→ **Try it**
Without the pictures, set down every line of the data exactly.

→ **Data block**
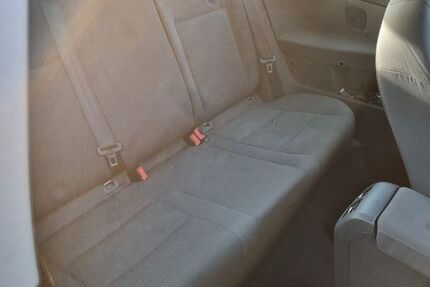 VW Golf 233.000 km 1.850 &euro; Köln 51107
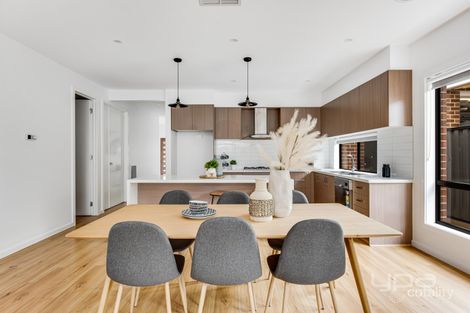 Property photo of 342 Highlander Drive Craigieburn VIC 3064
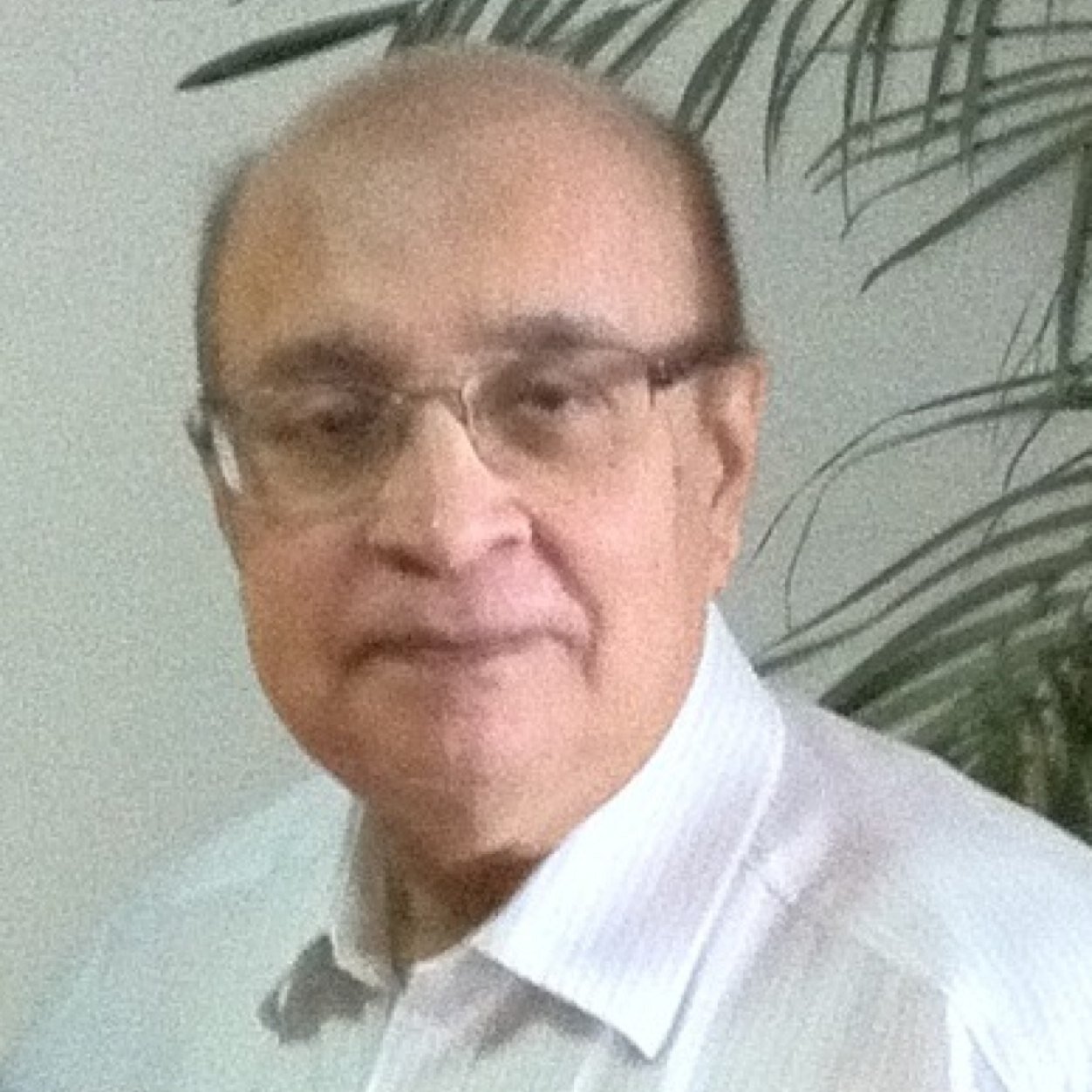 Engineer,, widely travelled and read, looking for friends from all continents ....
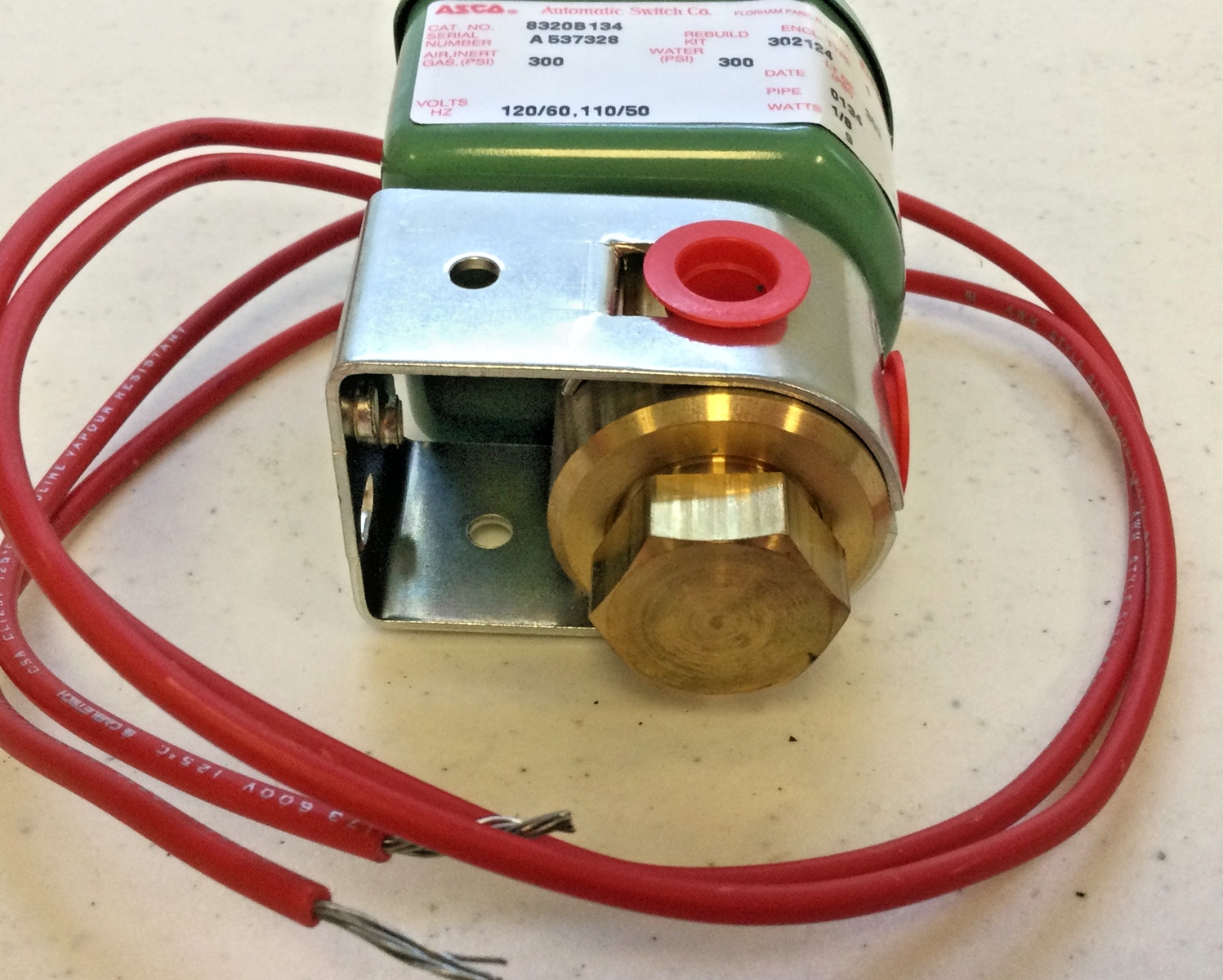 NEW ASCO 8320B134, 120/60, 110/50; A537328; 1/8” SOLENOID VALVE, FREE SHIPPING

→ **Result of the exercise**
 VW Golf 233.000 km 1.850 &euro; Köln 51107
 Property photo of 342 Highlander Drive Craigieburn VIC 3064
 Engineer,, widely travelled and read, looking for friends from all continents ....
 NEW ASCO 8320B134, 120/60, 110/50; A537328; 1/8” SOLENOID VALVE, FREE SHIPPING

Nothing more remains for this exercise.